Esta misma ola sonora contenida se percibe en casi todas las ciudades de Colombia cada vez que hay un partido importante y se suele quebrar de dos maneras: o llega hasta un punto en el que las gargantas, preparadas para gritar, se contienen y solo alcanzan a expeler una lastimoso “uuuyyyyyy” si el jugador colombiano ha fallado el gol; o la creciente marea se revienta en gritos de júbilo con la celebración de la anotación y es acompañada por la pedorra clave morse de las vuvuzelas y el retumbar de la palabra ¡hijueputaaaaaa! por todas partes.
Tuve la “suerte” de que al final el equipo nacional perdiera, pues esperaba poder descansar bien esa noche, acogido por el silencio de una ciudad derrotada. Pero pronto comprendí que cuando los costeños sufren una derrota no pasan a un silencio depresivo sino que simplemente vuelven a los niveles de ruido “normales”. Ahora los aullidos de alegría se habían convertido en la discusión a gritos de las incidencias del partido e, increíblemente, todavía había autos envueltos con la bandera de Colombia pintando por las calles.

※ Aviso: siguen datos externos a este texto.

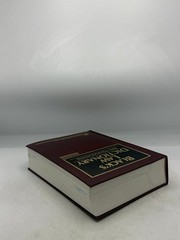 Black’s Law Dictionary Henry Campbell Black 1997 Sixth Centennial Edition Law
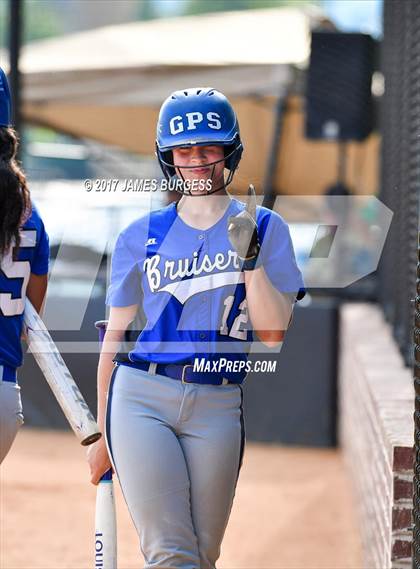 Thumbnail 3 in Girls Prep vs Harpeth Hall photogallery.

Al día siguiente el ruido cotidiano de la ciudad parecía haberse renovado como lo hace la marea que llega todos los días a sus costas, pero ya yo me había entrenado para escuchar solo el ruido de mi cabeza. Di un último paseo por la ciudad y, de repente, percibí un fuerte sonido que no parecía venir de una fuente humana. Me acerqué y vi una poderosa retroexcavadora levantando con un taladreo infernal el pavimento de la Calle de la Amargura, cerca de la Torre del Reloj, cuyos vecinos parecían ahora mucho más amargos por los trabajos inconclusos que se estaban haciendo sobre su calle.
A un lado del cráter estaba un vendedor de sombreros todavía con su mercancía en el piso, y la esperanza al mismo nivel. Se le notaba la desesperación y hartazgo ante la omnipresencia de las máquinas y su retumbar. En su cara vi un fenómeno poco recurrente: un costeño angustiado. Se llamaba Willson Dallas (sí, ese fue el nombre que me dio) y después de algunas preguntas me reveló todo el peso de su desazón por el ruido constante. Me sentí identificado con él, por fin alguien en la costa a quien parece molestarle el ruido.
Pero su caso era diferente. Estoy seguro de que él mismo cada fin de semana pone los amplificadores de su casa a un volumen que para mí sería una violación a los derechos humanos. Pero ahora está desesperado por otro tipo de ruido, el que venía de las endiabladas máquinas del progreso que espantaban su clientela y amargaban su mediodía.
En Bogotá, la llegada de una máquina para arreglar una de las muchas calles dañadas podría ser fácilmente una fiesta en cada barrio. Allá no se lamentan las máquinas, se las anhela. Pienso entonces por qué nunca me ha molestado el sonido de los carros, el rugido de bulldozers o el aleteo de los helicópteros como me exasperan los gritos de la gente y el retumbar de la música.
Entiendo entonces que lo que he aprendido en la neurótica ciudad en la que vivo no es a odiar el ruido, sino a no soportar a la gente.